**REQUIREMENT:**
Starting with the line that has "Сумка-барсетка чоловіча через" and finishing with the line that has "KANAGAWA 6'X20' Cream", set down each line below exactly. Pictures are not copied.

==== INPUT DATA

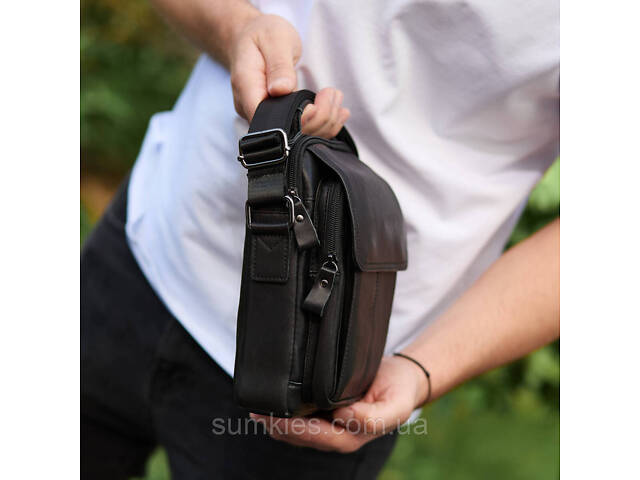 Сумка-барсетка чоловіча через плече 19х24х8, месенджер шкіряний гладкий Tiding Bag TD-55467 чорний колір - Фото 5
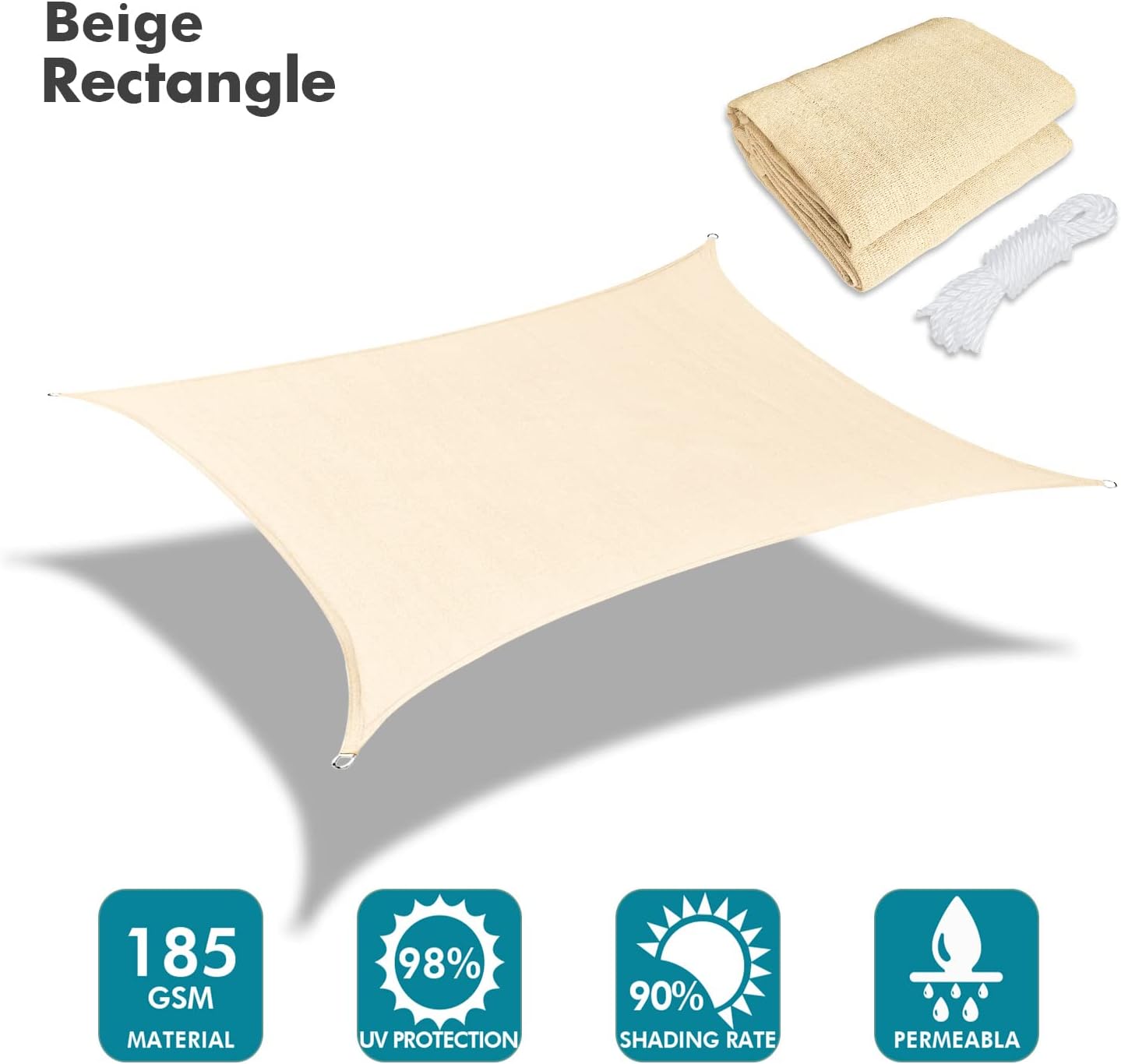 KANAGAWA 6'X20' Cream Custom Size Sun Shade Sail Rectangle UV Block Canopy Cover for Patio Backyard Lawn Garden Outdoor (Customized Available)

========
==== INPUT DATA

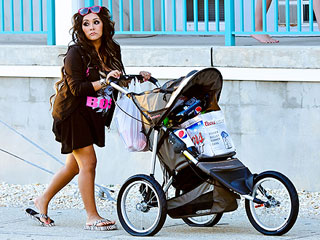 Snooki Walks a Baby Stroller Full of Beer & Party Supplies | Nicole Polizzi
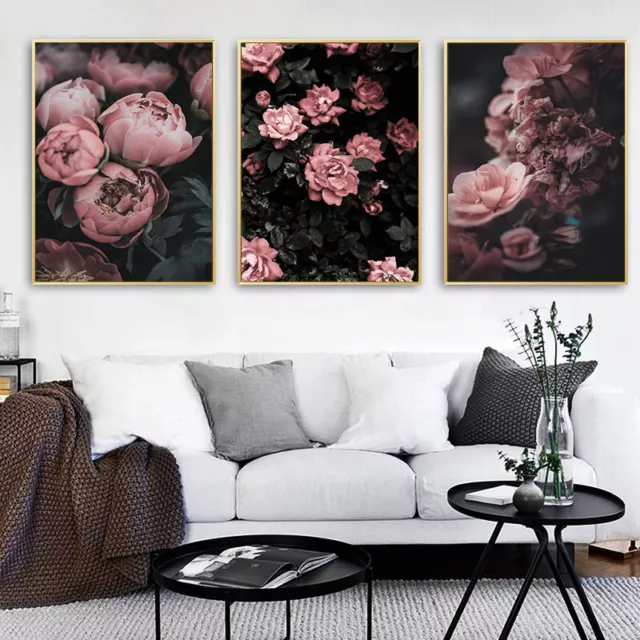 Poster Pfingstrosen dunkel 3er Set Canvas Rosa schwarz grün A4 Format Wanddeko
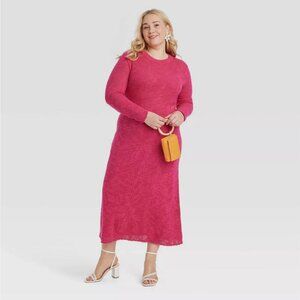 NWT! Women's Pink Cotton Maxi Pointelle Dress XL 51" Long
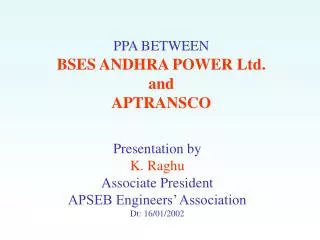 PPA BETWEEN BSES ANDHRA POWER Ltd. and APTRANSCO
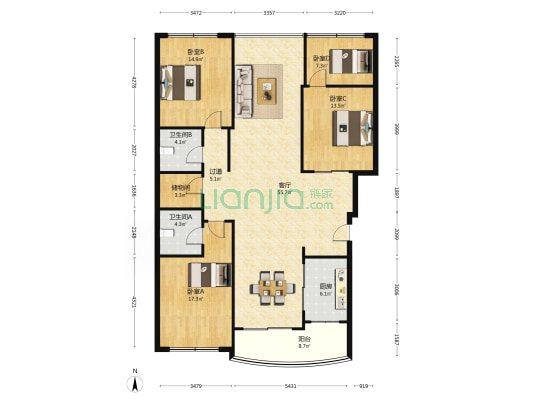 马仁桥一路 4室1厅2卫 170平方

========

**OUTPUT BELOW:**
 Сумка-барсетка чоловіча через плече 19х24х8, месенджер шкіряний гладкий Tiding Bag TD-55467 чорний колір - Фото 5
 KANAGAWA 6'X20' Cream Custom Size Sun Shade Sail Rectangle UV Block Canopy Cover for Patio Backyard Lawn Garden Outdoor (Customized Available)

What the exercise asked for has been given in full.